Originally published by (UMA) UNIAO MACAENSE AMERICANA, INC. in June 2014
I have always been fascinated by the stories my parents and other relatives told me about growing up in Hong Kong . I also marveled at their descriptions of work and military service, what Macanese family life was like, and how leisure time was spent. Recently I began to collect those stories and synthesize them into a research project that I’m conducting at U.C. Berkeley. In this short essay, I‘ve created a summary that will provide a glimpse of what it was like to live in Hong Kong before World War II.
Life in Early Hong Kong
By most accounts, life in Hong Kong for Macanese residents before World War II was comfortable, but not without challenges.
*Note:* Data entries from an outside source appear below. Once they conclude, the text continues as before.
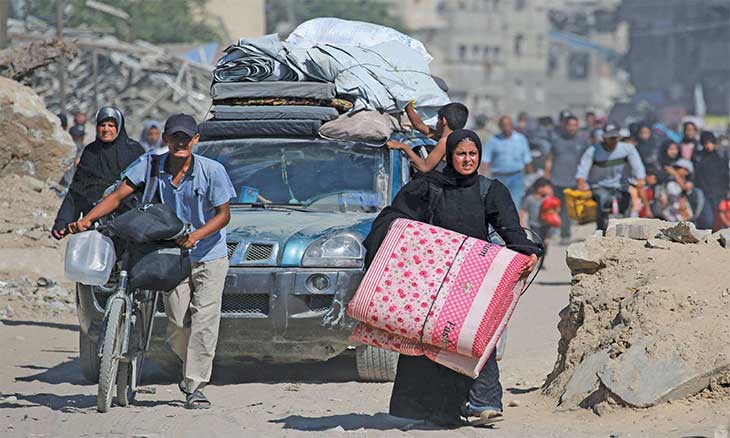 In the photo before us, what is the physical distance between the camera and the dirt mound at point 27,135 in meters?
17.3

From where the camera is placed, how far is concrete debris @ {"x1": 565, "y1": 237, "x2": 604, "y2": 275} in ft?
27.3

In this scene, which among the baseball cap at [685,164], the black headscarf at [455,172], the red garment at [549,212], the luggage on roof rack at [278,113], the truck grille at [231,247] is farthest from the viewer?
the baseball cap at [685,164]

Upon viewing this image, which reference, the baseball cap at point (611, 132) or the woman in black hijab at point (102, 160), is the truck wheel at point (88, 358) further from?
the baseball cap at point (611, 132)

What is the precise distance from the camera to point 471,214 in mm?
7062

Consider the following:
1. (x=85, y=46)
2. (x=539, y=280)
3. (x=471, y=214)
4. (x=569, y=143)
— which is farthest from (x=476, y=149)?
(x=85, y=46)

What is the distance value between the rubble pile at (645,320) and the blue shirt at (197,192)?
206cm

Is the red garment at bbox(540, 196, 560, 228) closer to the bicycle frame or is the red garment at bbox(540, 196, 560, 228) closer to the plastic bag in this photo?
the plastic bag

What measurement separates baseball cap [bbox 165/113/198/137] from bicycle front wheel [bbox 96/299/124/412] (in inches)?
38.0

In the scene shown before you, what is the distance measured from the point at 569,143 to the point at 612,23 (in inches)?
3421

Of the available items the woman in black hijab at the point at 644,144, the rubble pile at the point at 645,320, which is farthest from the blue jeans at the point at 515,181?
the rubble pile at the point at 645,320

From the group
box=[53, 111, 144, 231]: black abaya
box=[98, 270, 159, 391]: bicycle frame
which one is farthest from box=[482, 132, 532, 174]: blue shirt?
box=[98, 270, 159, 391]: bicycle frame

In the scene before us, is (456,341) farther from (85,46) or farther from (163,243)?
(85,46)

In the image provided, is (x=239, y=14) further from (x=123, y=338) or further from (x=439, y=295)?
(x=439, y=295)

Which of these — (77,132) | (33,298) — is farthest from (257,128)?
(77,132) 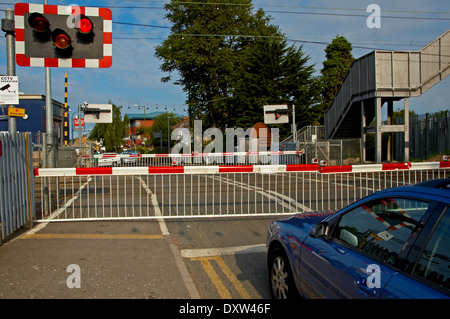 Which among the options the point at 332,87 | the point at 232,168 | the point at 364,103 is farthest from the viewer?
the point at 332,87

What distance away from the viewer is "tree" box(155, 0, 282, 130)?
37.7 metres

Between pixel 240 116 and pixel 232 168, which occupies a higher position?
pixel 240 116

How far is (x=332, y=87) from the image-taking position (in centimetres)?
3869

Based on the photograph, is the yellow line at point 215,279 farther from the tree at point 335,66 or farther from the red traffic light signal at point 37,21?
the tree at point 335,66

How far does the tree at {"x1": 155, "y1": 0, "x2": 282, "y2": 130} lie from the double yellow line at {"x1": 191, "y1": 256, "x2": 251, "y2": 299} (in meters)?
32.7

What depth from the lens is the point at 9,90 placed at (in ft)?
23.9

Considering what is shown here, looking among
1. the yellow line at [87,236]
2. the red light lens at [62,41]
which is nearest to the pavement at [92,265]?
the yellow line at [87,236]

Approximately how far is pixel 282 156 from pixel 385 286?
63.4 feet

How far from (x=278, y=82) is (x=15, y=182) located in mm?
29323

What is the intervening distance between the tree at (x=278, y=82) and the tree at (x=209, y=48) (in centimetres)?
458

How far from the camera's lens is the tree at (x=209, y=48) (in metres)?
37.7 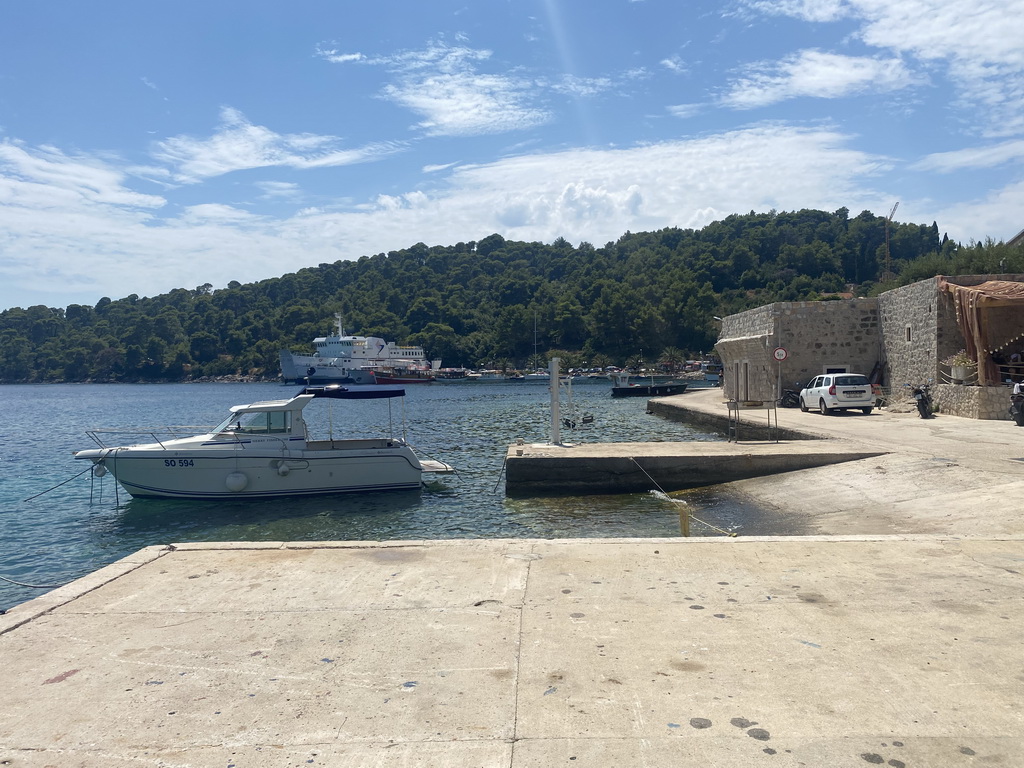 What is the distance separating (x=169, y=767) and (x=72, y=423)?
52880mm

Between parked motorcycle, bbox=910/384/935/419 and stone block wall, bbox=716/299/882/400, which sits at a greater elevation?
stone block wall, bbox=716/299/882/400

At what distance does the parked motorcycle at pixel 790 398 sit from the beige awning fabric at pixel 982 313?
7.13 meters

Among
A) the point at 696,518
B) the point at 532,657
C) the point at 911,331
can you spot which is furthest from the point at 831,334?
the point at 532,657

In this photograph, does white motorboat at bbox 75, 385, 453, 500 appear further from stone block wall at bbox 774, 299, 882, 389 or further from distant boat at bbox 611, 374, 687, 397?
distant boat at bbox 611, 374, 687, 397

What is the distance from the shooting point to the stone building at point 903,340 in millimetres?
19984

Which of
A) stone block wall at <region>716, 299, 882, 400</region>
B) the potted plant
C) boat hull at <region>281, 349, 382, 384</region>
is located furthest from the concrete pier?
boat hull at <region>281, 349, 382, 384</region>

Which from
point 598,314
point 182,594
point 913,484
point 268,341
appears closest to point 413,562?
point 182,594

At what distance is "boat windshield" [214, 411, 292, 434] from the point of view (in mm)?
17312

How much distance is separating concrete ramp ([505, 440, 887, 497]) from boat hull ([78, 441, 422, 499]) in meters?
3.95

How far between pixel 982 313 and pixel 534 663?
2048 centimetres

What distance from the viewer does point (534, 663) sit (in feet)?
14.7

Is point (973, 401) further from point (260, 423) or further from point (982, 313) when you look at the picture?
point (260, 423)

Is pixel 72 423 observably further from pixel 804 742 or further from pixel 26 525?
pixel 804 742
Many Portuguese families from Macau settled in Kowloon, across Victoria Harbour on the Chinese mainland, while working on Hong Kong Island . Following the British occupation of Hong Kong in 1841, Kowloon was ceded to England in 1860 by the Qing emperor, and used for hunting until it was leased for 99 years in 1898. After the Kowloon Wharf was constructed in the early part of the 20th century and the Star Ferry began service, many Portuguese moved to the region.
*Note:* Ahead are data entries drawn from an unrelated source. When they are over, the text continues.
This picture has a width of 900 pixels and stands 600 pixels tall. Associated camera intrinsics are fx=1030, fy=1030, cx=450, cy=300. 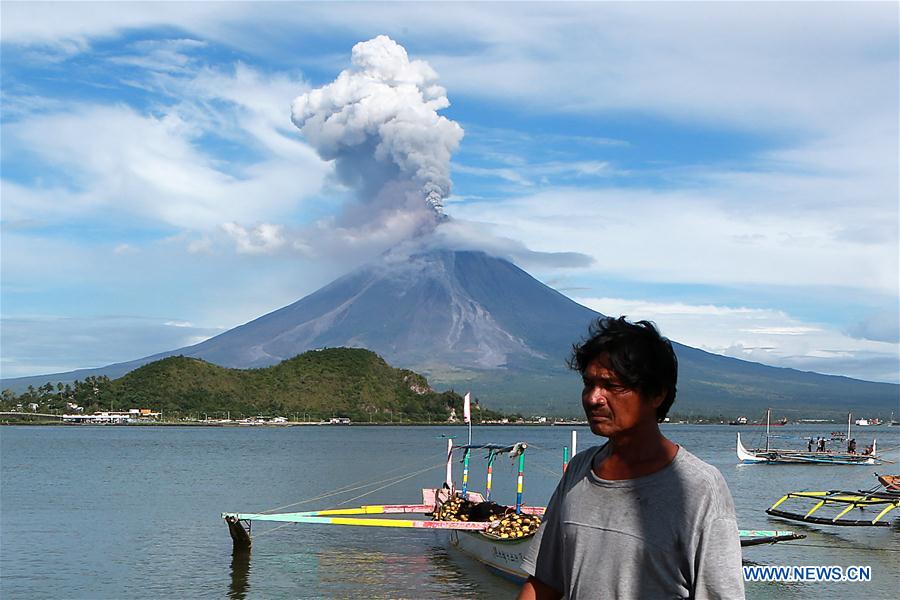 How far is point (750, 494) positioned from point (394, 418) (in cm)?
11037

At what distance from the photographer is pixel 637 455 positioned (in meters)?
2.59

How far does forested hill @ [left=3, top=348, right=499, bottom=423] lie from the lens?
14538cm

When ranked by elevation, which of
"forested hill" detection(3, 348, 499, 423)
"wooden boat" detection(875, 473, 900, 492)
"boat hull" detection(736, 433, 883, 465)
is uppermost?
"forested hill" detection(3, 348, 499, 423)

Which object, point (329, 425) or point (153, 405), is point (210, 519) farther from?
point (153, 405)

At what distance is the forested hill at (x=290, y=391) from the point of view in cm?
14538

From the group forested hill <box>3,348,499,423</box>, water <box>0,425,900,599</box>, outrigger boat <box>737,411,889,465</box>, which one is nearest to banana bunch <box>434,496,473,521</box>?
water <box>0,425,900,599</box>

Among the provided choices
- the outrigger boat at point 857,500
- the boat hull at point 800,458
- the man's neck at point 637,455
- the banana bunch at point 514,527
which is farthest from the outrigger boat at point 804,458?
the man's neck at point 637,455

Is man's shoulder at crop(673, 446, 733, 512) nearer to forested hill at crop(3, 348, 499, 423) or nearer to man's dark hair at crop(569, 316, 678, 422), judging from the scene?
man's dark hair at crop(569, 316, 678, 422)

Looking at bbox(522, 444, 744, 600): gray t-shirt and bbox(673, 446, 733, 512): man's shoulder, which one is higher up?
bbox(673, 446, 733, 512): man's shoulder

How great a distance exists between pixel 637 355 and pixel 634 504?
1.21 feet

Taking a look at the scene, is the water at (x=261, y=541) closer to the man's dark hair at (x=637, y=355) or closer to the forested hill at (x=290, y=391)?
the man's dark hair at (x=637, y=355)

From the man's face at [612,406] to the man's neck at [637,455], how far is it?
27 millimetres

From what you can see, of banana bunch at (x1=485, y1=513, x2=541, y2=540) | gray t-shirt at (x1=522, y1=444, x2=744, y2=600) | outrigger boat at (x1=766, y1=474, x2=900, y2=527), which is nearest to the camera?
gray t-shirt at (x1=522, y1=444, x2=744, y2=600)

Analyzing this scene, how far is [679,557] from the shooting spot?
2.48 metres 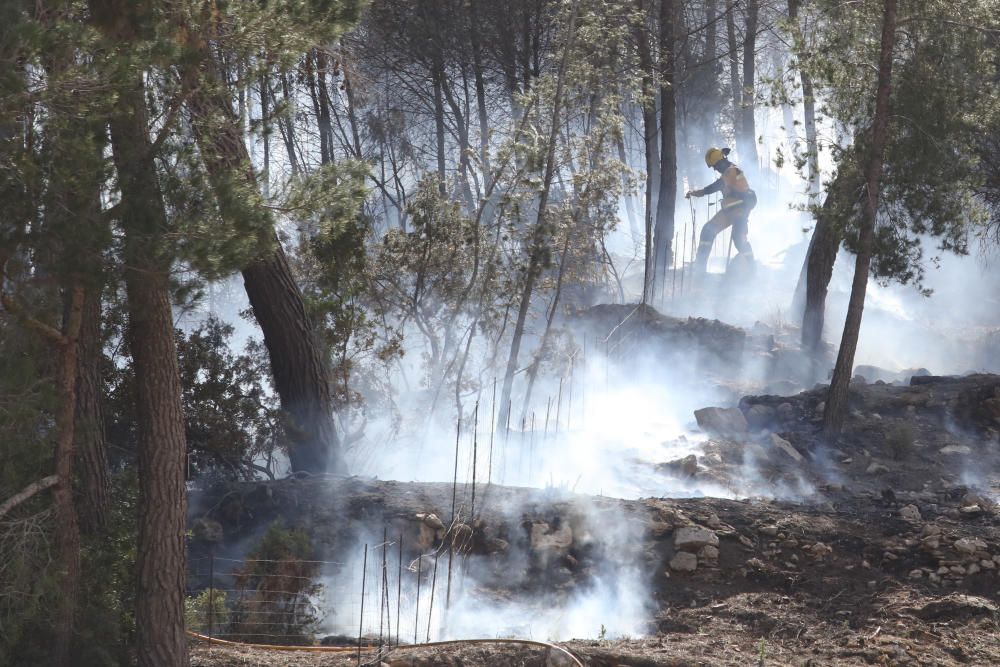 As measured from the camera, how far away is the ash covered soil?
687 centimetres

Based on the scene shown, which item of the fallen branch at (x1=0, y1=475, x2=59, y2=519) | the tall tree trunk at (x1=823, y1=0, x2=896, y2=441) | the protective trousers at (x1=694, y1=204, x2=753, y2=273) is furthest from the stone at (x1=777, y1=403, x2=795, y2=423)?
the fallen branch at (x1=0, y1=475, x2=59, y2=519)

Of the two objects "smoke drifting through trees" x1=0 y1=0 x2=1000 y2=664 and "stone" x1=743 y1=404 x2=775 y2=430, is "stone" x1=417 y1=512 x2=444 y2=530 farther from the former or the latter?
"stone" x1=743 y1=404 x2=775 y2=430

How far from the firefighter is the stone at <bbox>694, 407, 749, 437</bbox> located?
7.38m

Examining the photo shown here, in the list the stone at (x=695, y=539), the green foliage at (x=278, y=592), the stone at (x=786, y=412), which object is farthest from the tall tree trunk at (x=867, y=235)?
the green foliage at (x=278, y=592)

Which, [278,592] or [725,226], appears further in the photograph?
[725,226]

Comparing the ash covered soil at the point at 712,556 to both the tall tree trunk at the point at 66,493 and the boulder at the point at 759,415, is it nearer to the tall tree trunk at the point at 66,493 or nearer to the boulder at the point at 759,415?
the tall tree trunk at the point at 66,493

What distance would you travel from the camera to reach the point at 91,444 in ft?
22.3

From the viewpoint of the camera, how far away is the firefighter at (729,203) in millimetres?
21031

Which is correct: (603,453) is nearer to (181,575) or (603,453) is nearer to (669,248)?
(181,575)

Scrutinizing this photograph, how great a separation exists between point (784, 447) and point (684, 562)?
13.1ft

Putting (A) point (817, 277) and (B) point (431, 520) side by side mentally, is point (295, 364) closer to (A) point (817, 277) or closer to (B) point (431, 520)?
(B) point (431, 520)

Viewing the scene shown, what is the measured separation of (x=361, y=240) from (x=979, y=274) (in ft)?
59.7

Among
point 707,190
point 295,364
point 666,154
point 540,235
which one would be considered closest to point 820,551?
point 295,364

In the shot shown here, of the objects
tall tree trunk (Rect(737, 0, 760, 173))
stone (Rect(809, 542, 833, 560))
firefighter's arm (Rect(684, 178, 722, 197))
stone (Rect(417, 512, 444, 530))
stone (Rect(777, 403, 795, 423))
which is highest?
tall tree trunk (Rect(737, 0, 760, 173))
Portuguese men began working in Hong Kong from the earliest days for large trading houses, like Jardine and Matheson, or merchant banks, like the Hong Kong and Shanghai Bank, private companies, such as Cable and Wireless, or the British colonial government. One of the earliest recorded work histories belongs to the Barreto family.
Bartolomeu Barretto was a Macau trader who is mentioned prominently in the early correspondence between Opium traders and future Taipans William Jardine and James Matheson in 1827. The firm employed Bartolomeu as a “channel of mediation” to open British trade in South China, asking him to intercede with the governor of Macau and the powerful Hongs, the trade officials appointed by the Chinese government. His brother, Joao Antonio Gonsalves Barretto and his nephew, Bartolomeu Antonio Barretto, also worked for Jardines.
The nephew was one of two bookkeepers in the firm’s early days, and William Jardine’s trusted aide who oversaw accounts in Canton and Hong Kong. Like his uncle, Bartolomeu A. Barretto used his knowledge of Portuguese and Chinese to settle disputes for the company, including those between ship captains and Chinese officials just prior to the Opium War.
In most cases, Portuguese men worked in Hong Kong as mid-level interpreters, clerks, bookkeepers, and accountants. Some of the more enterprising started their own businesses in printing, mercantile goods, and stock trading in the late 19th century. Others became artists and doctors, while some joined the military or entered the priesthood.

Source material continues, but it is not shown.